ByAnna Caldwell, writer at Creators.co

“The Martian” could best be described as a modern Robinson Crusoe on Mars. After a mission to Mars gets cut short after 18 days due to a sandstorm, the crew of the Ares III mission must make a perilous exit from the Red Planet. Mark Watney (Matt Damon), an astronaut and botanist for the mission, is left behind by the crew after getting rocked by debris and presumed dead. When he wakes up with a broken antennae stuck in his gut, he soon realizes that he is marooned on this lifeless planet for four more years until the next mission arrives to save him.

Matt Damon plays a much more likeable character as Watney than he did in Christopher Nolan’s 2014 epic “Interstellar,” where his character faces a similar predicament – only that time on a frozen planet.
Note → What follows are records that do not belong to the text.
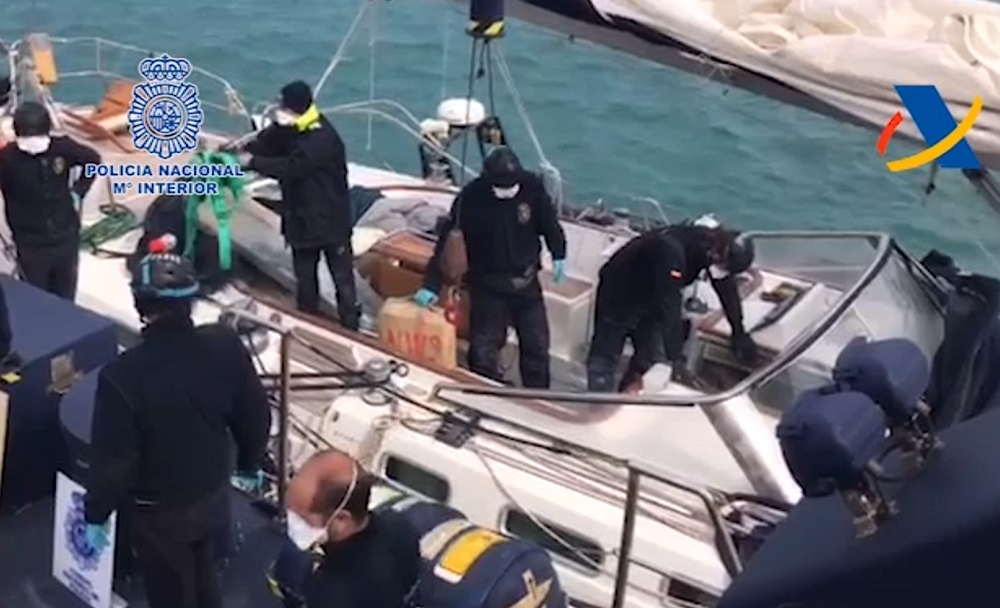 Intervenidas en aguas Baleares cuatro toneladas de hachís en un velero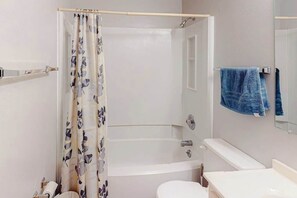 Shower, towels - Cozy Condo w/Private Balcony, Shared Outdoor Pool, Pool Views, Free WiFi, & More (Ocean City)
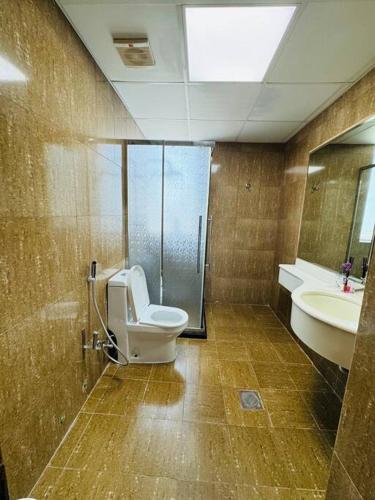 a bathroom with a toilet and a sink at Spacious 3-Bedroom Apartment near Al Khan Beach in Al Khān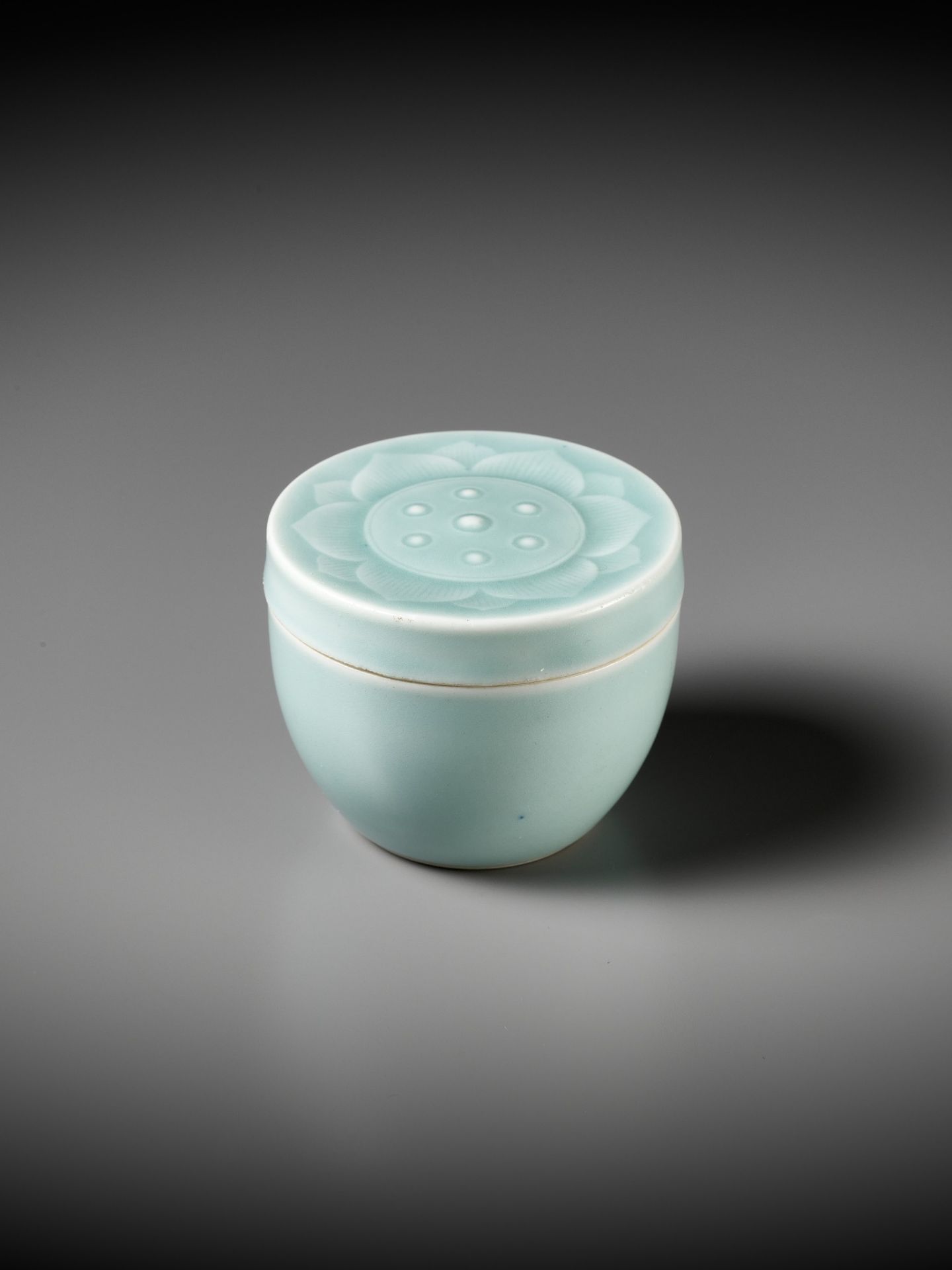 A CELADON-GLAZED LOTUS POD-FORM BOX AND COVER, QING DYNASTY - Image 6 of 14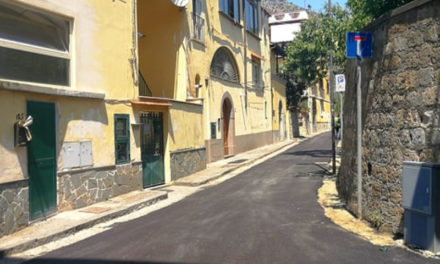 Piano di Sorrento/ Nuovo asfalto in via Bagnulo, ma solo nella traversa dove abita il Sindaco: la FOTO-NOTIZIA inviataci da un lettore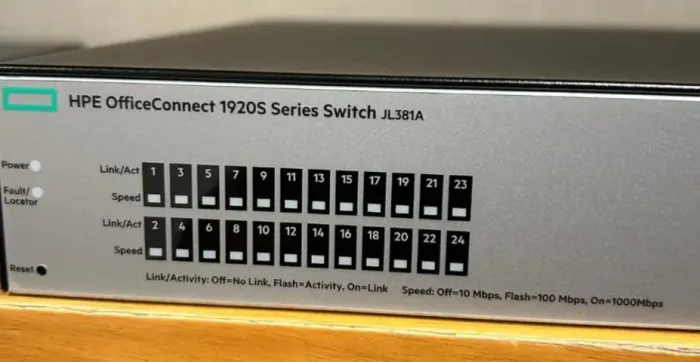 Switch Gerenciável HPE OfficeConnect 1920S Série JL381A( usado)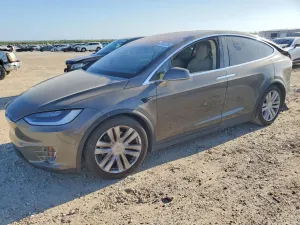 Tesla Model X 2016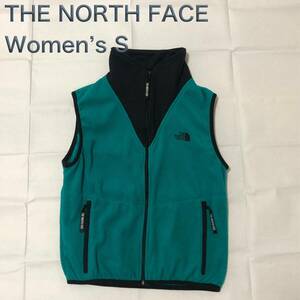 【送料無料】THE NORTH FACE ジップアップフリースベスト　黒×緑系切り返し　レディースSサイズ　ザノースフェイスアウトドア登山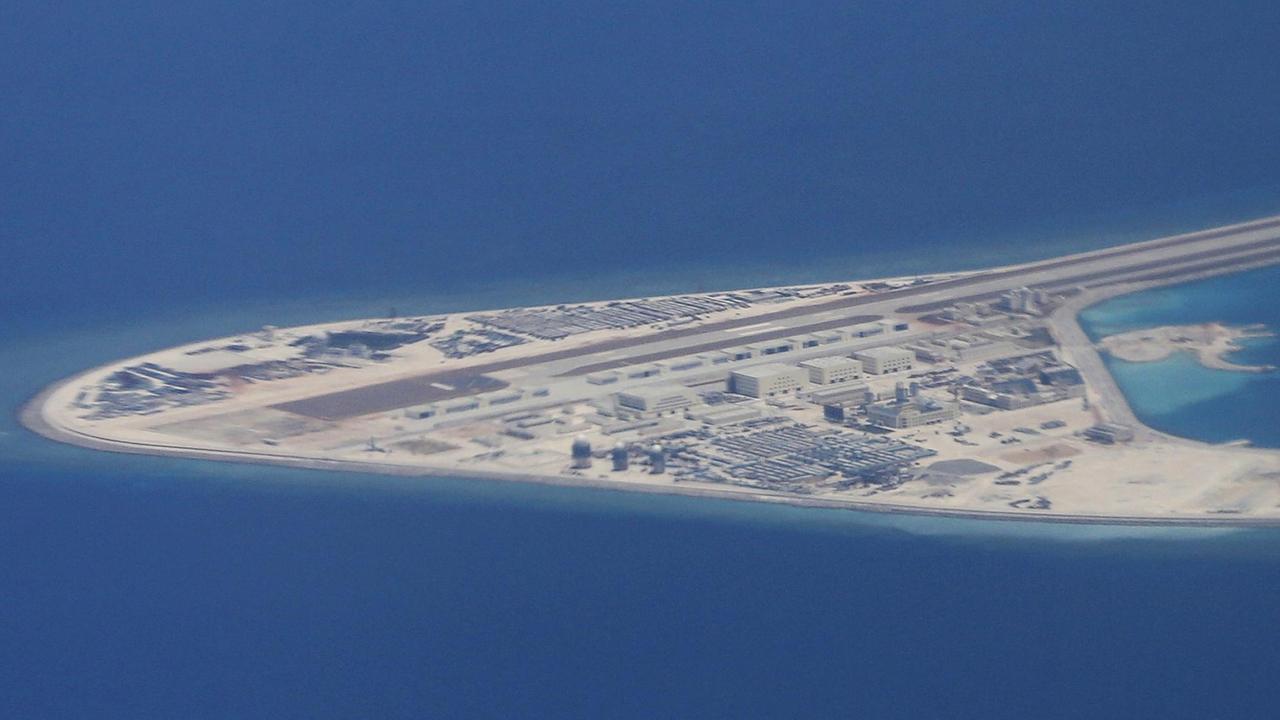 April 21, 2017: Infrastruktur der Chinesen auf dem Subi Reef / Spratly Inselgruppe aus der Luftansicht. 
Using his cunning wit and botany skills to live off potatoes grown using his own feces, Watney has so much optimism that sometimes it is hard to believe. His main focus is survival through out, as he states in the very beginning, “I’m not gonna die here.” Oh, the foreshadowing.

The blatant foreshadowing was distracting at times, as the movie is set up on a typical plot arc where things go from bad to worse. After the initial shock, things are going great for Watney (as great as they can be when you’re alone on a planet 50 million miles away from Earth) until his hub explodes and he loses all his precious potatoes. It felt like the movie teetered back and forth between a few positive things taking place and then the dreaded events that Murphy’s Law implies. At one point after a supposed break through for the team at NASA that is trying to bring him back, an employee says, “And that’s assuming that nothing goes wrong.” And there you have it – in the next sequence we watch as Matt Damon’s dung potatoes explode into dust.

The camera work that documents his isolation is visually intriguing and leaves the audience with a strong sense of anxiety as it displays his oxygen levels and other data. It cuts back and forth from different surveillance cameras in the hub and gives you a video diary of Watney’s isolation. During these videos, Damon deliver’s his most comedic lines. There is also some underlying humor between NASA employees as we watch them squirm to get Watney home while also avoiding a media sandstorm of their own.

Overall, it was a more lighthearted film than expected with its subtle humor and touching final sequences of the astronauts at home with their families after years of space travel. You always root for the main character to make it home, and I found myself getting emotional when Captain Lewis (Jessica Chastain) embraces Watney after rescuing him from the dreaded planet.

Was it scientifically accurate? Not entirely, but it seemed to be trying really hard. It felt realistic until he launched himself in a pod that had no windows or top to it, or when he “Iron Manned” his way back to the space craft during his rescue mission. It was a movie that wasn’t sure if it was a sci-fi drama or a thriller, but that’s okay. It was entertaining and enjoyable through out with some memorable performances from the talented ensemble cast.